I would change this:

for (vv,hh) in zip(VV1,HH1):
    comp+= numpy.min((vv-precomp[...,0])**2+(hh-precomp[...,1])**2, axis=2)

To something like this:

def buildcomp(vvhh):
    vv, hh = vvhh
    return numpy.min((vv-precomp[...,0])**2+(hh-precomp[...,1])**2, axis=2)

if __name__=='__main__':
    from multiprocessing import Pool
    nthreads = 2
    p = Pool(nthreads)
    complist = p.map(buildcomp, np.column_stack((VV1,HH1)))
    comp = np.dstack(complist).sum(-1)

Note that the dstack assumes that each comp.ndim is 2, because it will add a third axis, and sum along it. This will slow it down a bit because you have to build the list, stack it, then sum it, but these are all either parallel or numpy operations.

I also changed the zip to a numpy operation np.column_stack, since zip is much slower for long arrays, assuming they're already 1d arrays (which they are in your example).

I can't easily test this so if there's a problem, feel free to let me know.

Answer 2

This can replace the inner loops, j and jj

comp0 = numpy.min((vv-precomp[...,0])**2+(hh-precomp[...,1])**2, axis=2)

This may be a replacement for the whole loop, though all this indexing is stretching my mind a bit. (this creates a large intermediate array though)

comp = numpy.sum(
        numpy.min((VV1.reshape(-1,1,1,1) - precomp[numpy.newaxis,...,0])**2
                 +(HH1.reshape(-1,1,1,1) - precomp[numpy.newaxis,...,1])**2, 
                 axis=2),
        axis=0)

Answer 3

In computer science, there is the concept of Big O notation, used for getting an approximation of how much work is required to do something. To make a program fast, do as little as possible.

This is why Janne's answer is so much faster, you do fewer calculations. Taking this principle farther, we can apply the concept of memoization, because you are CPU bound instead of RAM bound. You can use the memory library, if it needs to be more complex than the following example.

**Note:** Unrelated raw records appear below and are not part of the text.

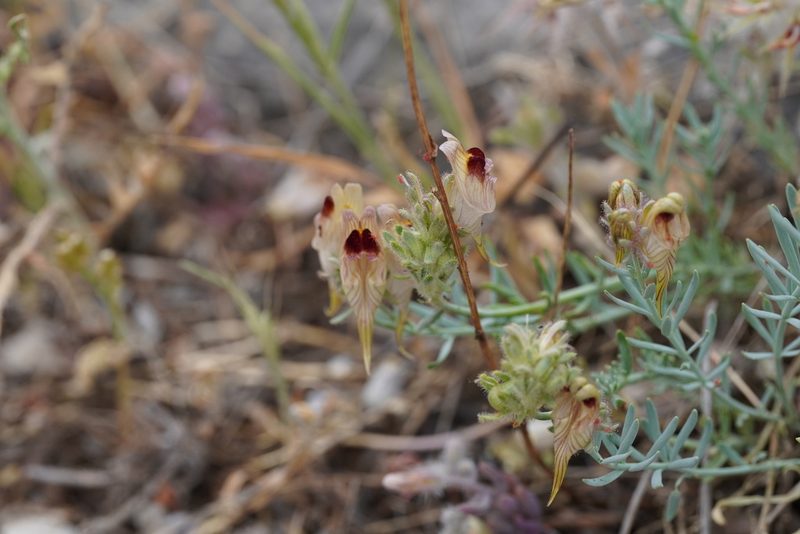 Linaria tristis, photographed by Julia Moning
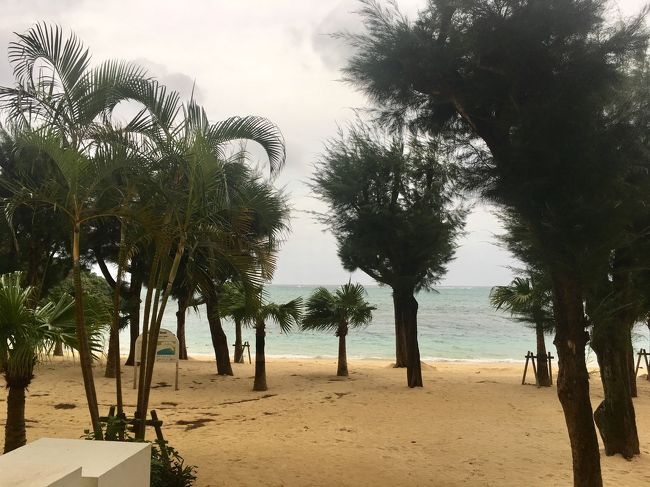 風はゴオゴオ<br />砂がバチバチ凶器のように飛んできます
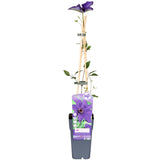 Waldrebe The President - Clematis violett - Ø15cm - ↕65cm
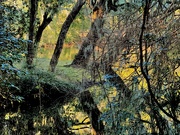 1st Feb 2025 - Woodland landscape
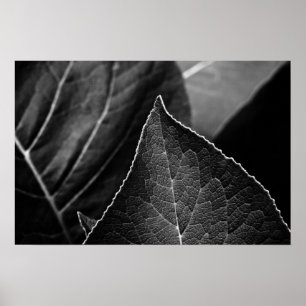 leaves being poster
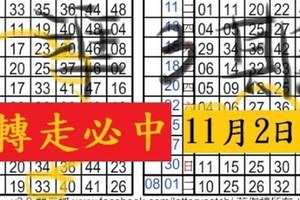 11月2日六合 漂亮獨支 一枚 轉走必中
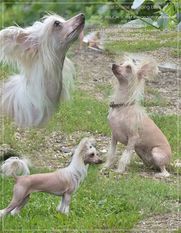 Polar Shane Dancing Love Polar Shane Dancing Love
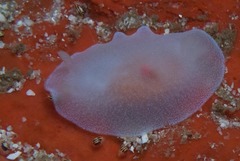 Doriopsilla capensis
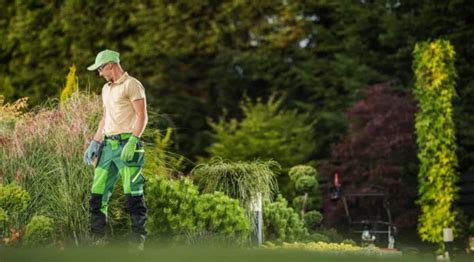 How To Start A Landscaping Or Lawn Care Business In California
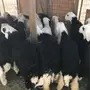 طليان  نجد   جذعان   23 رأس   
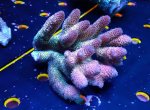 画像1: Acropora (1)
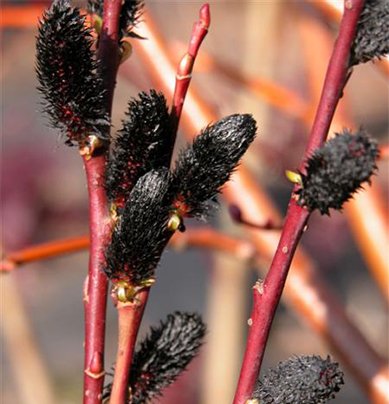 Верба тонкостолбиковая ‘Melanostachys’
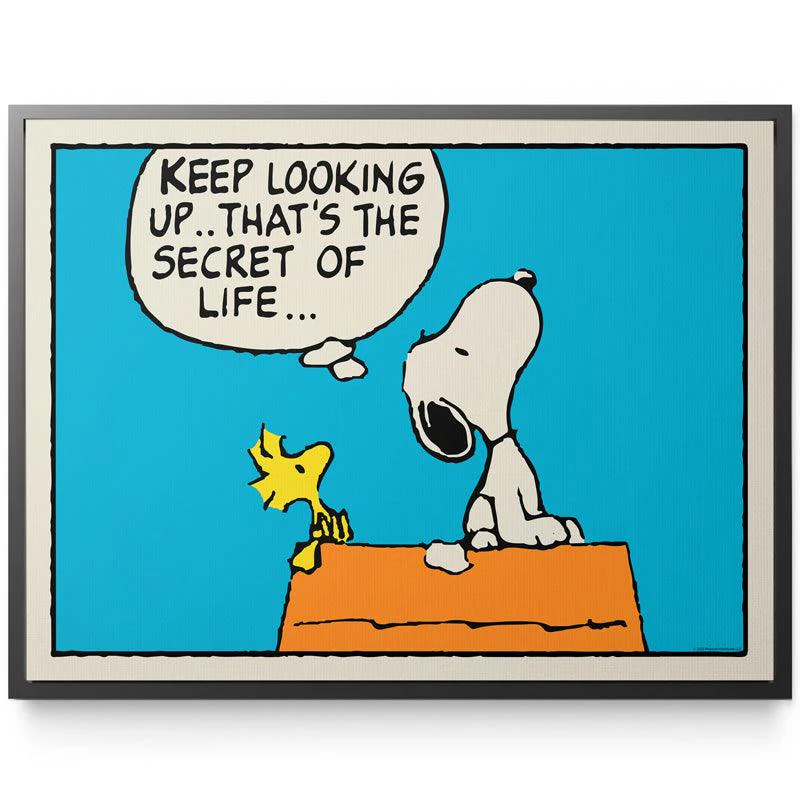 PEANUTS - Keep Looking Up - Image 5
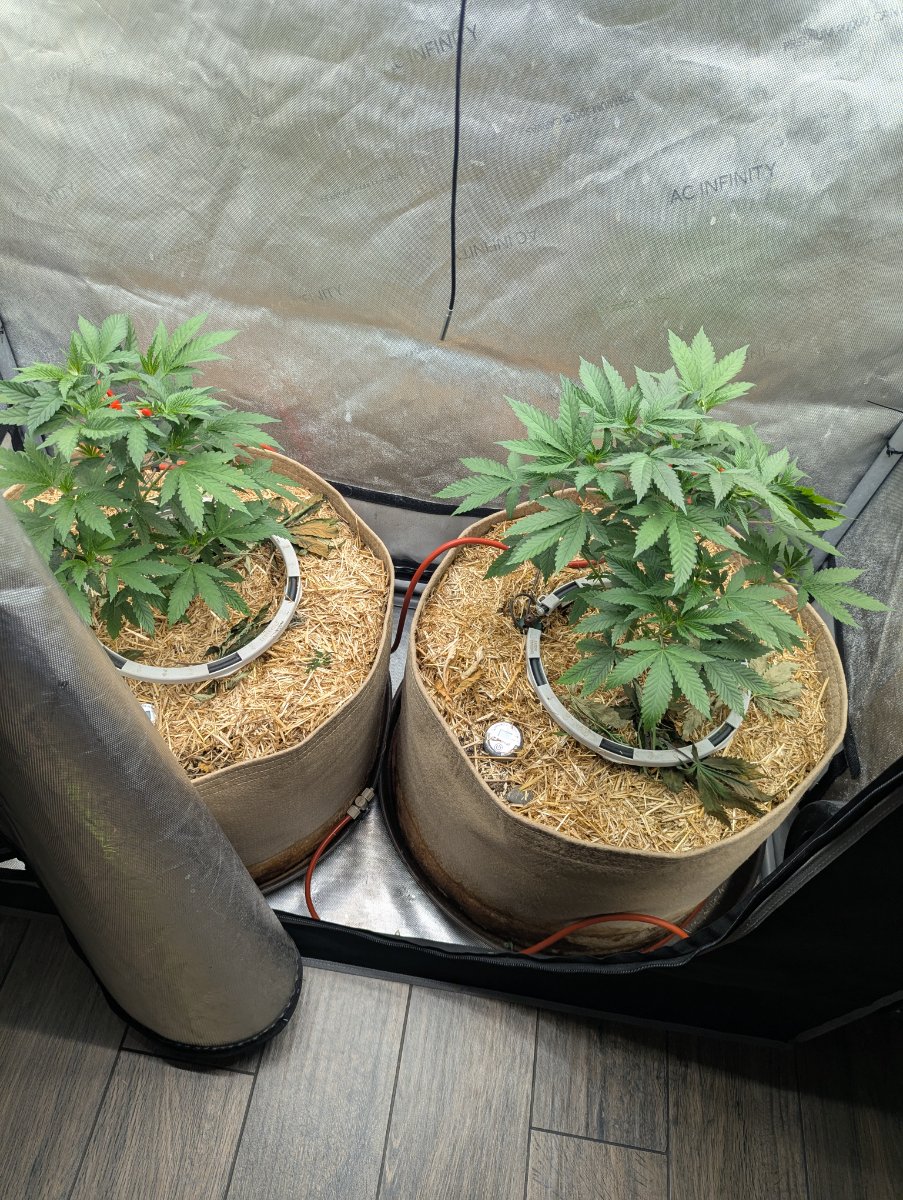PXL 20260705 020222528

class AutoVivification(dict):
        """Implementation of perl's autovivification feature."""
        def __getitem__(self, item):
            try:
                return dict.__getitem__(self, item)
            except KeyError:
                value = self[item] = type(self)()
                return value

memo = AutoVivification()

def memoize(n, arr, end):
    if not memo[n][arr][end]:
        memo[n][arr][end] = (n-arr[...,end])**2        
    return memo[n][arr][end]


for (vv,hh) in zip(VV1,HH1):
    first = memoize(vv, precomp, 0)
    second = memoize(hh, precomp, 1)
    comp+= numpy.min(first+second, axis=2)

Anything that has already been computed gets saved to memory in the dictionary, and we can look it up later instead of recomputing it. You can even break down the math being done into smaller steps that are each memoized if necessary.

The AutoVivification dictionary is just to make it easier to save the results inside of memoize, because I'm lazy. Again, you can memoize any of the math you do, so if numpy.min is slow, memoize it too.